YOUR TASK: Using the material below, print the line that contains "Funds added to", the line that contains "So what you're", and every line in between, exactly and nothing else.

MATERIAL FOR THIS TASK:

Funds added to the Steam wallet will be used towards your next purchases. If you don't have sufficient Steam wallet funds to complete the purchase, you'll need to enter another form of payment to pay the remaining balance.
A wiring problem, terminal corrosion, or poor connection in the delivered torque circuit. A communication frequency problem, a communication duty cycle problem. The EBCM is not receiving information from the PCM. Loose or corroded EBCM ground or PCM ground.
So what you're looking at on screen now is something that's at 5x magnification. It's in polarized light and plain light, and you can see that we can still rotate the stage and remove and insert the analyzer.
---
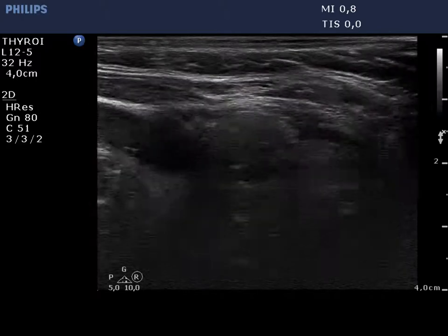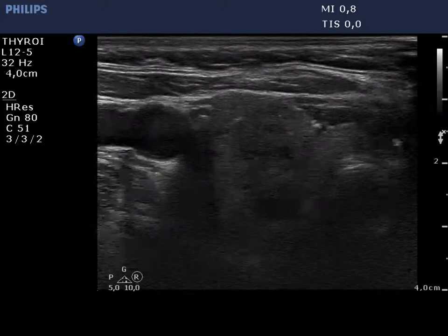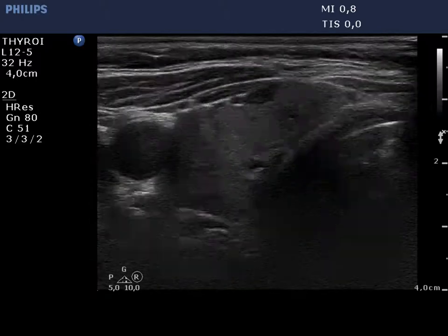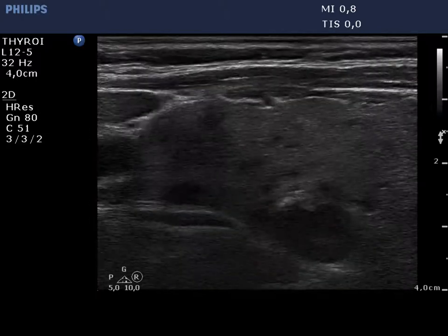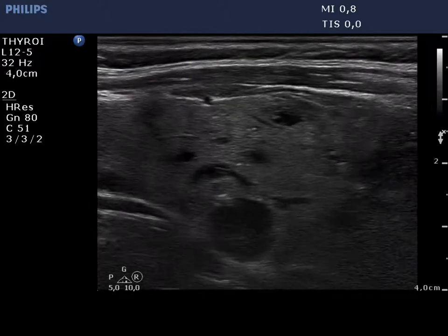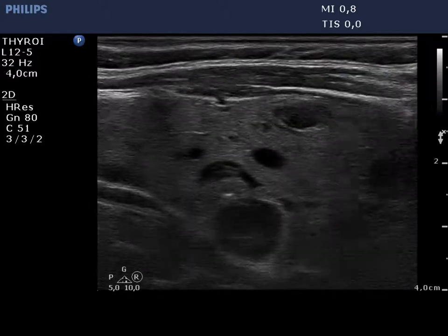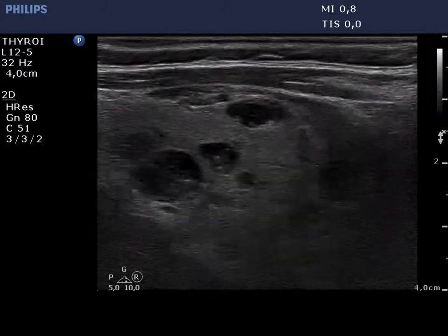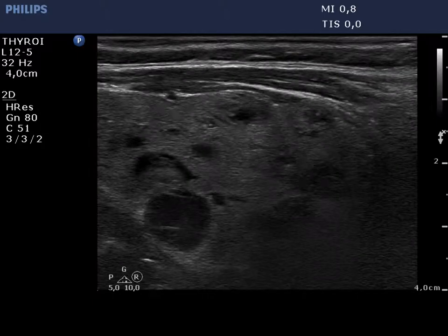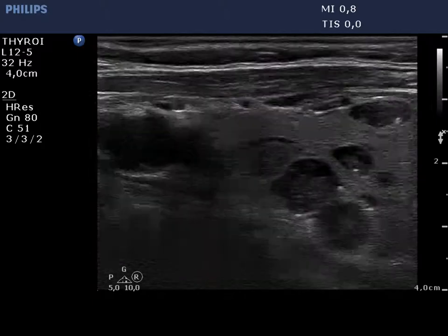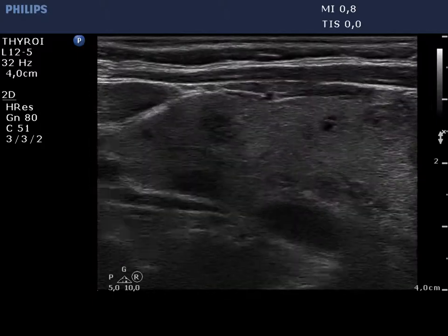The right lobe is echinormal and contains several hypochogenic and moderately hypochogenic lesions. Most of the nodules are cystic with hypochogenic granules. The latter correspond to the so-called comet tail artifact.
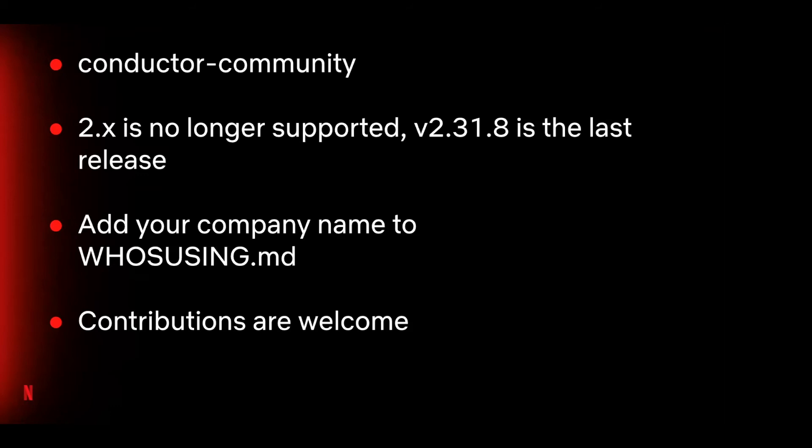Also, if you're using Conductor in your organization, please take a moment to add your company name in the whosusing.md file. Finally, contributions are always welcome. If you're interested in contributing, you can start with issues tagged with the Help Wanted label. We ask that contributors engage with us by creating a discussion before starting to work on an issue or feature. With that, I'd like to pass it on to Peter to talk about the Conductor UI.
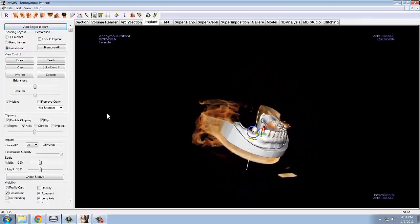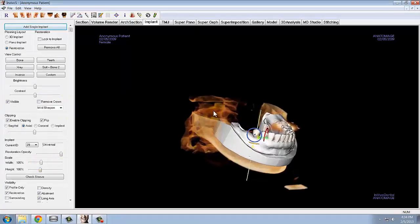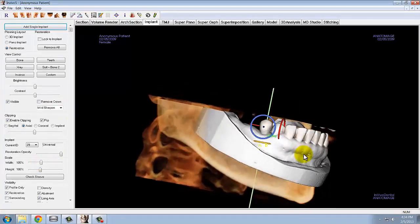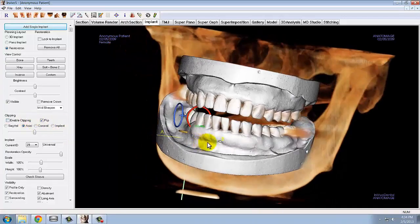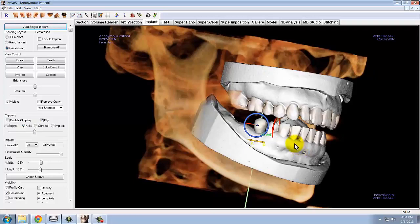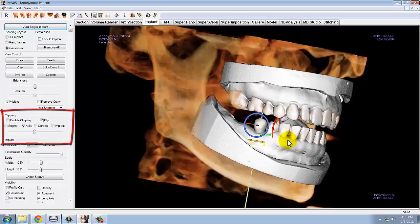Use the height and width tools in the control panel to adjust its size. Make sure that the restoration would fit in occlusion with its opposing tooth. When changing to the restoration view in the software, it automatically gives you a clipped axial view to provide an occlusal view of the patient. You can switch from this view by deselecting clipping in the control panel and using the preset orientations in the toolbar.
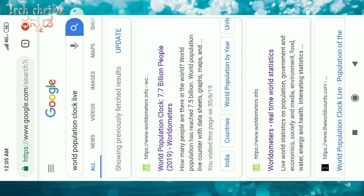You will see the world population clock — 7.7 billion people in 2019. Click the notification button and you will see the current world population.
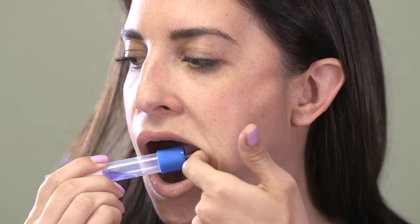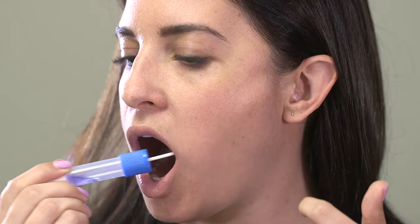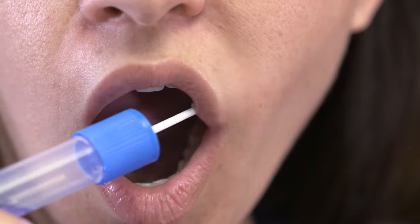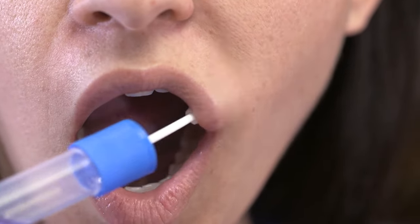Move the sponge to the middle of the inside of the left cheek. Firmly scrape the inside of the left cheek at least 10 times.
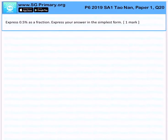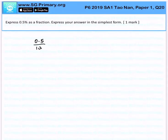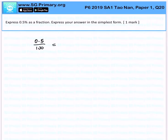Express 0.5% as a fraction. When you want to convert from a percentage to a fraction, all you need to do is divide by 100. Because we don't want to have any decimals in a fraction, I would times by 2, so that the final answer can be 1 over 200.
---
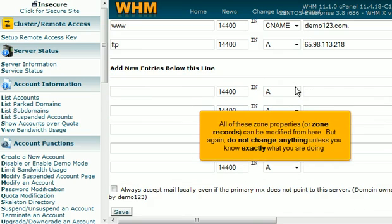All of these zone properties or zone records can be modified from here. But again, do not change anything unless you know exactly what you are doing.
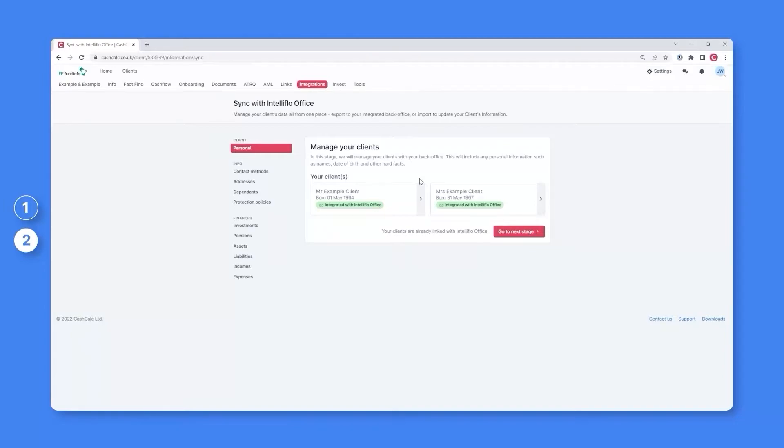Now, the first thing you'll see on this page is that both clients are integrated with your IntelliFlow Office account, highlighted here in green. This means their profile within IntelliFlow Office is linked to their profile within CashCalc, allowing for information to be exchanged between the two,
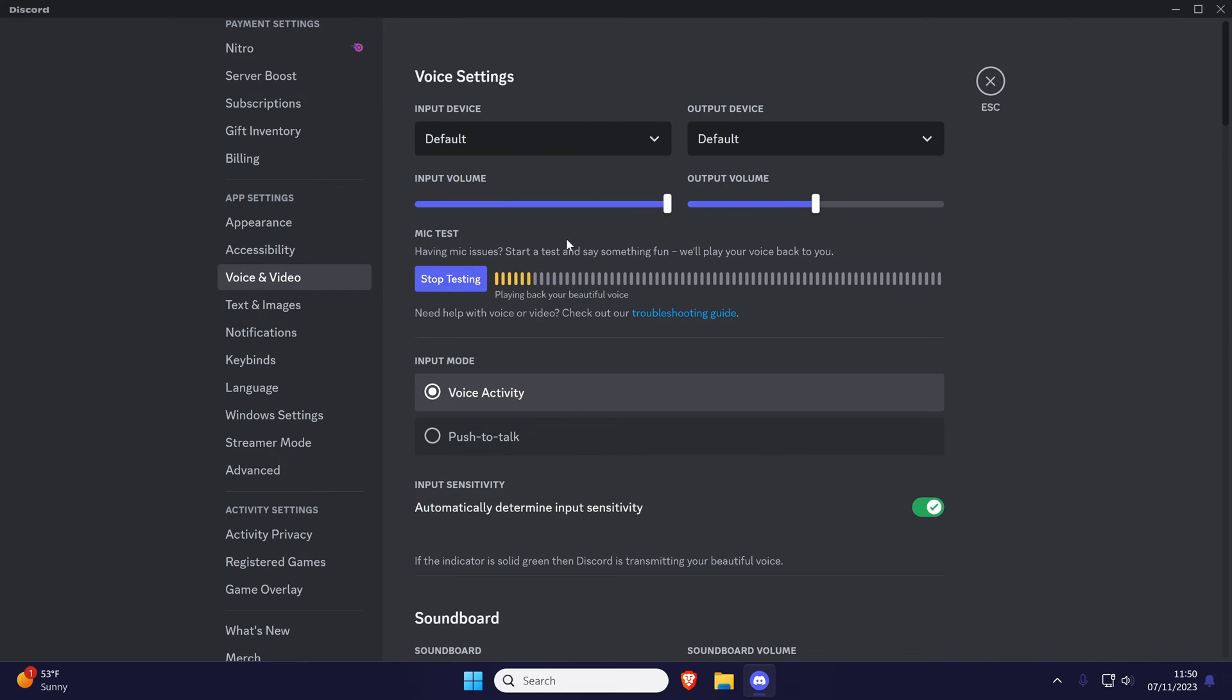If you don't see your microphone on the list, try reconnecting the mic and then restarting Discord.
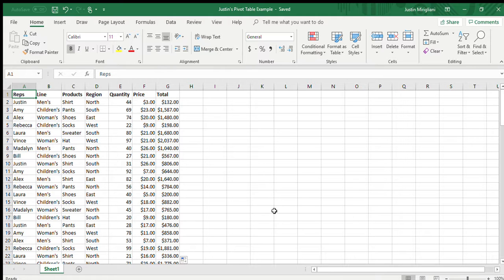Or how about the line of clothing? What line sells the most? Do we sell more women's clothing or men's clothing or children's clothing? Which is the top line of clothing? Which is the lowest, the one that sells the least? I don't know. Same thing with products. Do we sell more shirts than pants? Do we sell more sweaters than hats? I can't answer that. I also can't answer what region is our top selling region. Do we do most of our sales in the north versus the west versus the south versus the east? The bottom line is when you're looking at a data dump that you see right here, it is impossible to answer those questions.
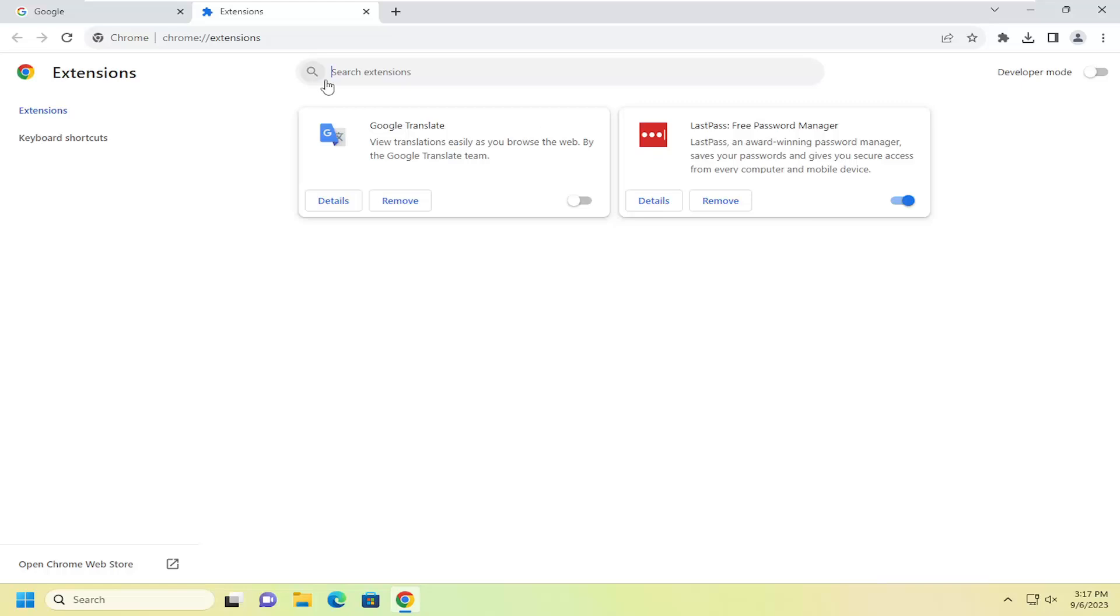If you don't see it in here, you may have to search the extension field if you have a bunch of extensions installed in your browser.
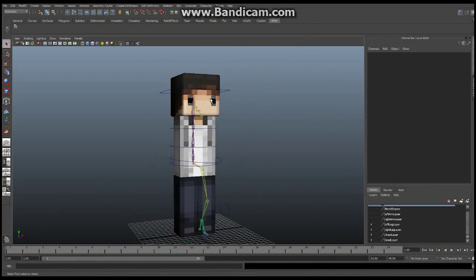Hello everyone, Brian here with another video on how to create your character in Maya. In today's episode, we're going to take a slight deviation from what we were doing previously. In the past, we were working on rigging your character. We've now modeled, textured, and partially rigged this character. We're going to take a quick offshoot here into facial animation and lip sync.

OUTPUT:
Funds added to the Steam wallet will be used towards your next purchases. If you don't have sufficient Steam wallet funds to complete the purchase, you'll need to enter another form of payment to pay the remaining balance.
A wiring problem, terminal corrosion, or poor connection in the delivered torque circuit. A communication frequency problem, a communication duty cycle problem. The EBCM is not receiving information from the PCM. Loose or corroded EBCM ground or PCM ground.
So what you're looking at on screen now is something that's at 5x magnification. It's in polarized light and plain light, and you can see that we can still rotate the stage and remove and insert the analyzer.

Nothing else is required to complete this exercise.